**What you are asked to do:**
When the line containing "The Trick to Consistent Release Angles" appears in the entries below, begin printing there and stop after the line containing "JUSTICE : L&rsquo;ANCIEN"; print each of those lines exactly and no other line.

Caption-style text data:
□ □ □
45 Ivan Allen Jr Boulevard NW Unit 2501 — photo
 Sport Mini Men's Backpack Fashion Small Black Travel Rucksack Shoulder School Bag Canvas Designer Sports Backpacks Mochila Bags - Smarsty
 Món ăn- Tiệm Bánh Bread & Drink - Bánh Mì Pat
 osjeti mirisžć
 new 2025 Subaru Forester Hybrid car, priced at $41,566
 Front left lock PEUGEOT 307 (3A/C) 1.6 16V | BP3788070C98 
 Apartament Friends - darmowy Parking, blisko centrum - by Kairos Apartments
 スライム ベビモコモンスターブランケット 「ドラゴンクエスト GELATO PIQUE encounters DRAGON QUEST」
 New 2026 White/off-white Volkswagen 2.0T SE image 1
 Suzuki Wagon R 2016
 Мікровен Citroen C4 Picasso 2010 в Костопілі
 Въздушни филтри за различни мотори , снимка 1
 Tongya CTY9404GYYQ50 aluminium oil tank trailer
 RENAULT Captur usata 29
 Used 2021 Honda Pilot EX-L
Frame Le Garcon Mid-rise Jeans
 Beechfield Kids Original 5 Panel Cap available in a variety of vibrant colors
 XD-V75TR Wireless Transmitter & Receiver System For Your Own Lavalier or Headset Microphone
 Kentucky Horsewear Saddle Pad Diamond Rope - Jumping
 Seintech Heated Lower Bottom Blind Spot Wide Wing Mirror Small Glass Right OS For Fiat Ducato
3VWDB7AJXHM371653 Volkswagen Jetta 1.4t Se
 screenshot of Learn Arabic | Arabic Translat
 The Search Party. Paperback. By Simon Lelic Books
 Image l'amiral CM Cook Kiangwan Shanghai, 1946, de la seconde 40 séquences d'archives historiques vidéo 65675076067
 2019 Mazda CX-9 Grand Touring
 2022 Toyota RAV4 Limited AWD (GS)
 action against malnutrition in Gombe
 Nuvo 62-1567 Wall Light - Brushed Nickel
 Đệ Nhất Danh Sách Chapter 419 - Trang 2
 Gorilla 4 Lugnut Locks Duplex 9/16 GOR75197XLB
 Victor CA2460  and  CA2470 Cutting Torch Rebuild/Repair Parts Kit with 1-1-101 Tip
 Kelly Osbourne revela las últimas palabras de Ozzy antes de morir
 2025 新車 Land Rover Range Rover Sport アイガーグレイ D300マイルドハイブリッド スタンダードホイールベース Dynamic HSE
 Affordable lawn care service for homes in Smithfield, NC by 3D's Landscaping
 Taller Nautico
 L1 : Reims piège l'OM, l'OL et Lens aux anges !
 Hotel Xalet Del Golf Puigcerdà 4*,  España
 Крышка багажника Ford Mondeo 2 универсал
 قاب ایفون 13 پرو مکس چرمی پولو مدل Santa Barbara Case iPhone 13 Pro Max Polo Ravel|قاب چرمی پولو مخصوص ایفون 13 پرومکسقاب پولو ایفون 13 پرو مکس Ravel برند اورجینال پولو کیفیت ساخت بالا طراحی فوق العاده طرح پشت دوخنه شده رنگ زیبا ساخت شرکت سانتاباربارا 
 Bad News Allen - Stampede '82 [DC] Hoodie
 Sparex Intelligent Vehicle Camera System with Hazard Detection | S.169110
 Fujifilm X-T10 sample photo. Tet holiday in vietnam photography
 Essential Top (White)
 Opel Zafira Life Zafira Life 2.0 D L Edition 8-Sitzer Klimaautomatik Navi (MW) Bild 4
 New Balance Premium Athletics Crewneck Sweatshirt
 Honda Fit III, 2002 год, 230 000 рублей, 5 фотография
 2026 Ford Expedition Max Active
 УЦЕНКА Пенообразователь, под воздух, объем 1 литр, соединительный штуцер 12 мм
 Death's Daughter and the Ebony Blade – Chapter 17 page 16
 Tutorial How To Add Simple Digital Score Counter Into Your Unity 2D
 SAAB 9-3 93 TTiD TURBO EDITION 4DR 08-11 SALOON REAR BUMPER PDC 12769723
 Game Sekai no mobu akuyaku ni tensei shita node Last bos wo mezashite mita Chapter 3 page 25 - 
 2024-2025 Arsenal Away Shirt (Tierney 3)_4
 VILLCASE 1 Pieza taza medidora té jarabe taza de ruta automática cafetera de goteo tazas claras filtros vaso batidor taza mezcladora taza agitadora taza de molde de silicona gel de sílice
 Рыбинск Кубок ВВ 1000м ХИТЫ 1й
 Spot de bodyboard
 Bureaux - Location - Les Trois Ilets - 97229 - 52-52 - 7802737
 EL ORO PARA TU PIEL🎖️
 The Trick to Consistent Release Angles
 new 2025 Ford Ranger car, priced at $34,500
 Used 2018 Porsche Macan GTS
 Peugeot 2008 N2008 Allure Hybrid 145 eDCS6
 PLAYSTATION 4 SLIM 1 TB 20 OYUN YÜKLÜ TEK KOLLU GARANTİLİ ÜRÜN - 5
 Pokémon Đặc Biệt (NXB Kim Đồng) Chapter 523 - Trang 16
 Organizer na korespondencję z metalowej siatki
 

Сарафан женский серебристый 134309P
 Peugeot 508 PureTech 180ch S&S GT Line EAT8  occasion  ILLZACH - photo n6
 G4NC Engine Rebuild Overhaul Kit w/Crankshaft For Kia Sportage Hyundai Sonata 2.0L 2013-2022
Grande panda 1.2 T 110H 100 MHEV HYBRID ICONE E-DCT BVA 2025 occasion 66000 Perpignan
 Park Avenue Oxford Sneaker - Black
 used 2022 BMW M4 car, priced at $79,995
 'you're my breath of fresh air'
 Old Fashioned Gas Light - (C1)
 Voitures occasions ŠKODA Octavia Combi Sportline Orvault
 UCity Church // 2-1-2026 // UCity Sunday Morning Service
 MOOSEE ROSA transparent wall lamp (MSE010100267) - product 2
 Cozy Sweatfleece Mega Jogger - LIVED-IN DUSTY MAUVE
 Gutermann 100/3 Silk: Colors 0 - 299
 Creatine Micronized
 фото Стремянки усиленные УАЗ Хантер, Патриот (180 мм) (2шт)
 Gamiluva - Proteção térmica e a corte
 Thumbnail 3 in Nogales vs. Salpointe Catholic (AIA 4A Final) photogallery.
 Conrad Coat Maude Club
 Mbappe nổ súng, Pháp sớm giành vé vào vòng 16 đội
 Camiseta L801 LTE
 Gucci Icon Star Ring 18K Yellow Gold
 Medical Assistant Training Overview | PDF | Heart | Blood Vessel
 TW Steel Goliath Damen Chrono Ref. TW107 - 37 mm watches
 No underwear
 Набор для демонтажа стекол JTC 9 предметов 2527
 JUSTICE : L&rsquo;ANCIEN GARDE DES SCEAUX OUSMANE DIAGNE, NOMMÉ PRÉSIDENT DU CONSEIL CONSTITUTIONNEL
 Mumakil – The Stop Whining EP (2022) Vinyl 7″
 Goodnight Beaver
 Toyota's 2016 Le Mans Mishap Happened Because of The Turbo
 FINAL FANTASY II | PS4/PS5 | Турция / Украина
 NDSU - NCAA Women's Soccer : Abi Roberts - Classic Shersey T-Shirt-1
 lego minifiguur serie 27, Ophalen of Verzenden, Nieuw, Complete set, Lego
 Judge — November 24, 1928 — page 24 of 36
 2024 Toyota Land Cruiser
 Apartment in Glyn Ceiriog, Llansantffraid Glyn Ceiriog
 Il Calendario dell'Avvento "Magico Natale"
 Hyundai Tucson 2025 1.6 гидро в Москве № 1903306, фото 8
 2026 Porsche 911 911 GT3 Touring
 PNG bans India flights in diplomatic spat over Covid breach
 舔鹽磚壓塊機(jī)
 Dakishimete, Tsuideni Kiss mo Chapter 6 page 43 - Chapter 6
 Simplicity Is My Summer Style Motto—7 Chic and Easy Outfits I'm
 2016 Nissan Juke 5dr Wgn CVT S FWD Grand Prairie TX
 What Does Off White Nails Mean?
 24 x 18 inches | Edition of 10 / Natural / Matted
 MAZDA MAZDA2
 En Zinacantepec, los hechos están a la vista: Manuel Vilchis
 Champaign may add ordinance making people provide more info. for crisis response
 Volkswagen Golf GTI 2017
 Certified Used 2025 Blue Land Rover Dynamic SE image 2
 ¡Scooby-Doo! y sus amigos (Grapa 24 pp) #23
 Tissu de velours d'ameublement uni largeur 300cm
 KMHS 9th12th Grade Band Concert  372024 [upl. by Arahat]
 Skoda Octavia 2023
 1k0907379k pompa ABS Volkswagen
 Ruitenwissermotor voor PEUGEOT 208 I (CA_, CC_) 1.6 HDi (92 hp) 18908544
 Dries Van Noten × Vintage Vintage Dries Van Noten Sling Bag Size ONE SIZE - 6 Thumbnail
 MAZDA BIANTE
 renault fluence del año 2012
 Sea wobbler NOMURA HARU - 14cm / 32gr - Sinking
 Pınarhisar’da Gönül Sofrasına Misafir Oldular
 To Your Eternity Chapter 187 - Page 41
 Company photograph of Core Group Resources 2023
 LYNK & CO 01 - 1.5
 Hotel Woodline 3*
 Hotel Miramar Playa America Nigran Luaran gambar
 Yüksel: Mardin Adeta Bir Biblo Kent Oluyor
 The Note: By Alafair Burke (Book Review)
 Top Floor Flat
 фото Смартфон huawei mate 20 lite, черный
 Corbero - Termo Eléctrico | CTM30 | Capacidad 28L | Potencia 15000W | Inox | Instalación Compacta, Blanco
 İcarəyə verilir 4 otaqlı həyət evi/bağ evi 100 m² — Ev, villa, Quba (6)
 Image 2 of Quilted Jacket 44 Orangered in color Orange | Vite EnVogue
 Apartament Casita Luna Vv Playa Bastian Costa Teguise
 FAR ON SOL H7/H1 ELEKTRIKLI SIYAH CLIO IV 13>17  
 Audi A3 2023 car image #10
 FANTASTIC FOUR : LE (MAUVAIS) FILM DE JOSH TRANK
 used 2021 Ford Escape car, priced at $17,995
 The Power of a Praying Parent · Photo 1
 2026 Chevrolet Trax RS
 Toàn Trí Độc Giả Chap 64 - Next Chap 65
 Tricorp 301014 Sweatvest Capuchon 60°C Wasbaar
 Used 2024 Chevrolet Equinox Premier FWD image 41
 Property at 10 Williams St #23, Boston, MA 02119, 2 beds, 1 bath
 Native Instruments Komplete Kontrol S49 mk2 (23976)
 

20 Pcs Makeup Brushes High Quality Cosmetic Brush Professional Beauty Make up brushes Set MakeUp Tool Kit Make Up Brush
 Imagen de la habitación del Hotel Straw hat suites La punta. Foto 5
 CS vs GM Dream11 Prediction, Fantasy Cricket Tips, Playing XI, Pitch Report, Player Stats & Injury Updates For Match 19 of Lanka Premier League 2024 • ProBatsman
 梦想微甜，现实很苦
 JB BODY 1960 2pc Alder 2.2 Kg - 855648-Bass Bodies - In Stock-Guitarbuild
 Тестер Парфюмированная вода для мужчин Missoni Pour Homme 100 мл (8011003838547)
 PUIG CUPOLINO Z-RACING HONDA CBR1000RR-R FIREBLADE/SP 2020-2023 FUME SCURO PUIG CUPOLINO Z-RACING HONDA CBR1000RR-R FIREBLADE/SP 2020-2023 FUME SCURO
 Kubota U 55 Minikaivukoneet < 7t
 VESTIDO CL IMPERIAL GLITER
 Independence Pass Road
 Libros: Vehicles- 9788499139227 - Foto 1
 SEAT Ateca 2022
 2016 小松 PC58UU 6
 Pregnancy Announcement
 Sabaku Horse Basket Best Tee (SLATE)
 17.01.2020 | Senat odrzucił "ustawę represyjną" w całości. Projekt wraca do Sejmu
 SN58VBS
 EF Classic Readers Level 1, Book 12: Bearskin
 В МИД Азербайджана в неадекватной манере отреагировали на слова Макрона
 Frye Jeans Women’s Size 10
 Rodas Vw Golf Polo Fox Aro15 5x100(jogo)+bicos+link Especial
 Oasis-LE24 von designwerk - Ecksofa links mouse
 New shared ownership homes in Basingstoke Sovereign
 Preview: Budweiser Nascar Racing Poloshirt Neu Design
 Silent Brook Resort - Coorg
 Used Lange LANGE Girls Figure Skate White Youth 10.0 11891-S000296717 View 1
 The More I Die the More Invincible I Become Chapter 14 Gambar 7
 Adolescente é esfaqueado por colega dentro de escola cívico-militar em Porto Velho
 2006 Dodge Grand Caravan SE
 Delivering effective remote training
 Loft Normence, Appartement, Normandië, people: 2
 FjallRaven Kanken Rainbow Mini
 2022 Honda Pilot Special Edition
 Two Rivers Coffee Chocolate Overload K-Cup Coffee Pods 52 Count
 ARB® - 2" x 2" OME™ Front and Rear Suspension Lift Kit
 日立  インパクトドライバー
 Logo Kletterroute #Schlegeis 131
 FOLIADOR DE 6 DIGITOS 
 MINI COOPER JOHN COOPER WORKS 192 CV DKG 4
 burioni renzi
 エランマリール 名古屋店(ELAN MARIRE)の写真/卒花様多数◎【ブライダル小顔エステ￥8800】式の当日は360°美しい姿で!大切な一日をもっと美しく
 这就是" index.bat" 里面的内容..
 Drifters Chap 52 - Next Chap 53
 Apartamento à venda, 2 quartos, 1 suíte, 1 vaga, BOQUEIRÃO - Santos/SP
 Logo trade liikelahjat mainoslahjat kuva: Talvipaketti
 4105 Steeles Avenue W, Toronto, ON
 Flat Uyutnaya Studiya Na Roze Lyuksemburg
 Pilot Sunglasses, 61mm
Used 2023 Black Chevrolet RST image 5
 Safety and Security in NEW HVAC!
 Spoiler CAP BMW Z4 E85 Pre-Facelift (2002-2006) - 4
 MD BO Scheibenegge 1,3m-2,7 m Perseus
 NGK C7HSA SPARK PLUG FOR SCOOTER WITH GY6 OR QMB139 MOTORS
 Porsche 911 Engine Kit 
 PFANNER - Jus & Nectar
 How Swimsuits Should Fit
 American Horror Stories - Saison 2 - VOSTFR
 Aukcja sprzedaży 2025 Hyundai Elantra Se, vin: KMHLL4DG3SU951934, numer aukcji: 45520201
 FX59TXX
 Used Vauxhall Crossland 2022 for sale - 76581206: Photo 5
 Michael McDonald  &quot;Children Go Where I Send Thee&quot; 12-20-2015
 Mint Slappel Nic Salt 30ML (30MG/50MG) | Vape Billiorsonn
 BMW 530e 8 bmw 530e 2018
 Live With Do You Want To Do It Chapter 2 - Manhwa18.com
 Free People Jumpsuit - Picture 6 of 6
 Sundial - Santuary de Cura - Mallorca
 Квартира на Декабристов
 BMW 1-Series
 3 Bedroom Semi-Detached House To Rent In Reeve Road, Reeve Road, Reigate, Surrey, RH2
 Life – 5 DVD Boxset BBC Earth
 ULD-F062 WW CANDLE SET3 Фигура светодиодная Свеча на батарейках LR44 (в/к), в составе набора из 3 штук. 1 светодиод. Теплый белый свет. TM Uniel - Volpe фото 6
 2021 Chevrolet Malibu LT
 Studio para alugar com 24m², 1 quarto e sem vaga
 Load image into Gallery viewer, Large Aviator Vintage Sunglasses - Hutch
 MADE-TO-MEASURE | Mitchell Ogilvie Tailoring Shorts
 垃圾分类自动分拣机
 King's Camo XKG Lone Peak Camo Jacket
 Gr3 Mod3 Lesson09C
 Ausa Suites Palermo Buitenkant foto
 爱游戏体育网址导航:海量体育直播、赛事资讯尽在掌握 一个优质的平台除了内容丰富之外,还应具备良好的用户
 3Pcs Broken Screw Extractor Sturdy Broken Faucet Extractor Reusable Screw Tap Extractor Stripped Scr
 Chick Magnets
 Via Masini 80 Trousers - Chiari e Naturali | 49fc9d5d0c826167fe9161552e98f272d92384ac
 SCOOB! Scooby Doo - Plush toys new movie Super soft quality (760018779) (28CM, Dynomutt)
□ □ □
**Solution to this exercise:**
 The Trick to Consistent Release Angles
 new 2025 Ford Ranger car, priced at $34,500
 Used 2018 Porsche Macan GTS
 Peugeot 2008 N2008 Allure Hybrid 145 eDCS6
 PLAYSTATION 4 SLIM 1 TB 20 OYUN YÜKLÜ TEK KOLLU GARANTİLİ ÜRÜN - 5
 Pokémon Đặc Biệt (NXB Kim Đồng) Chapter 523 - Trang 16
 Organizer na korespondencję z metalowej siatki
 

Сарафан женский серебристый 134309P
 Peugeot 508 PureTech 180ch S&S GT Line EAT8  occasion  ILLZACH - photo n6
 G4NC Engine Rebuild Overhaul Kit w/Crankshaft For Kia Sportage Hyundai Sonata 2.0L 2013-2022
Grande panda 1.2 T 110H 100 MHEV HYBRID ICONE E-DCT BVA 2025 occasion 66000 Perpignan
 Park Avenue Oxford Sneaker - Black
 used 2022 BMW M4 car, priced at $79,995
 'you're my breath of fresh air'
 Old Fashioned Gas Light - (C1)
 Voitures occasions ŠKODA Octavia Combi Sportline Orvault
 UCity Church // 2-1-2026 // UCity Sunday Morning Service
 MOOSEE ROSA transparent wall lamp (MSE010100267) - product 2
 Cozy Sweatfleece Mega Jogger - LIVED-IN DUSTY MAUVE
 Gutermann 100/3 Silk: Colors 0 - 299
 Creatine Micronized
 фото Стремянки усиленные УАЗ Хантер, Патриот (180 мм) (2шт)
 Gamiluva - Proteção térmica e a corte
 Thumbnail 3 in Nogales vs. Salpointe Catholic (AIA 4A Final) photogallery.
 Conrad Coat Maude Club
 Mbappe nổ súng, Pháp sớm giành vé vào vòng 16 đội
 Camiseta L801 LTE
 Gucci Icon Star Ring 18K Yellow Gold
 Medical Assistant Training Overview | PDF | Heart | Blood Vessel
 TW Steel Goliath Damen Chrono Ref. TW107 - 37 mm watches
 No underwear
 Набор для демонтажа стекол JTC 9 предметов 2527
 JUSTICE : L&rsquo;ANCIEN GARDE DES SCEAUX OUSMANE DIAGNE, NOMMÉ PRÉSIDENT DU CONSEIL CONSTITUTIONNEL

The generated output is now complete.